As the playing field in many markets has flattened, so has the ability of one competitor to beat the others based on cost management or quality management "excellence" is a 30-year old concept. And what company has not squeezed costs to maximise profits?
Nonmarket matters, such as reputation, the ability to work with NGOs, the capability to foresee relevant government actions and even to shape policy these are all having an immense impact at a time when most companies are not even thinking about nonmarket strategy.
There are different models. Some firms run nonmarket strategy through government affairs and public policy departments. Others have brought units focused on corporate social responsibility and sustainability into the core strategy process. Still others attend to nonmarket concerns through the communications department.

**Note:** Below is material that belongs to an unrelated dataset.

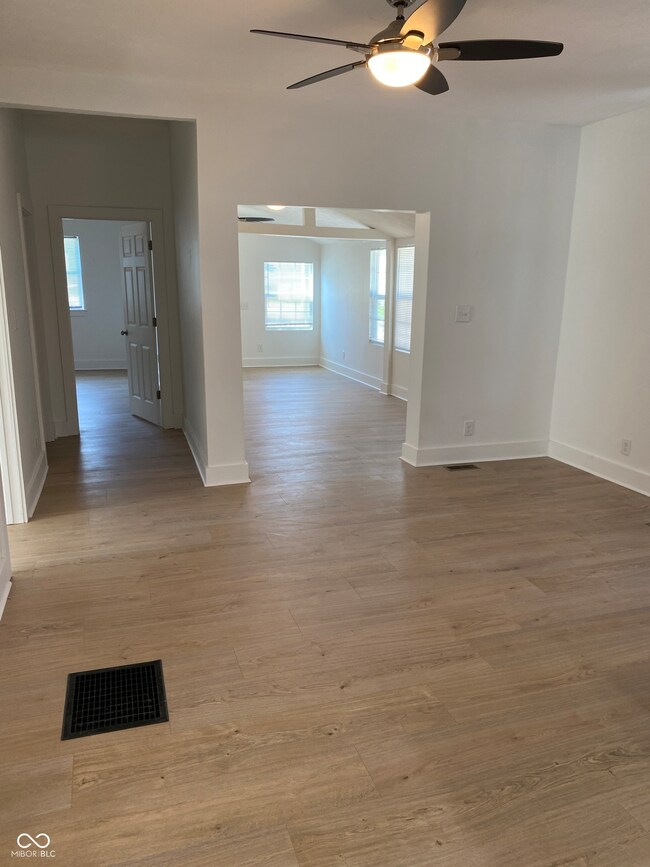 434 W 4th St, Anderson, IN 46016 - photo 6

The critical question is when and how these units are brought in. Are they marginal to the core strategy process or are they involved in every aspect of strategy formulation? Once you bring market and nonmarket people together, they can learn from one another and find new opportunities that can only be harnessed from carefully coordinated and integrated market and nonmarket strategies.
Without commitment from above, it is hard to develop nonmarket strategy. If the CEO thinks politics and social concerns are secondary, it won't make a dent.
All the successful examples, that we have looked at, of companies embracing nonmarket strategies, featured CEOs who believed the competitive playing field extended beyond markets GE's Jeff Immelt, Howard Schultz at Starbucks.
Top to bottom, I would sensitise everyone inside the company to start thinking more broadly than the traditional market strategy.
Product mix, customer share, competitor stance these are critical to the company. But those companies that will perform best in the future can think beyond the market. I would create a team of enlightened people to work on developing tools to help them think in this new way.
For example, consider how most companies deal with government affairs. In many cases, it's a combination of lawyers and public relations people who deal with such matters, mostly in a reactive way.
Nonmarket strategy requires a broader mix of people dealing with these forces, who are both reactive and proactive. These forces are not going away. In fact, the need for a coherent, accurate and actionable nonmarket strategy will grow.
So far, the best tool deployed is the "4-I" framework. By focusing on issues, interest groups, institutions and information, we can look at a company's opportunities and threats through its position in society.
Of course, once data is collected and analysed, the company must actually engage in strategy formulation. And the firm's market and nonmarket strategies must be consistent.
Finally, just as the market strategy yields a particular market positioning, a nonmarket strategy yields a particular nonmarket positioning for the firm on critical issues that matter to it.
I am convinced that nonmarket management the conscious exploitation of opportunities in the firm's political and social environment will be a defining feature of global competition over the next decades.
Nonmarket strategy, we think, gives managers the kind of tools they need to build competitive advantage wherever they can find it within markets and beyond.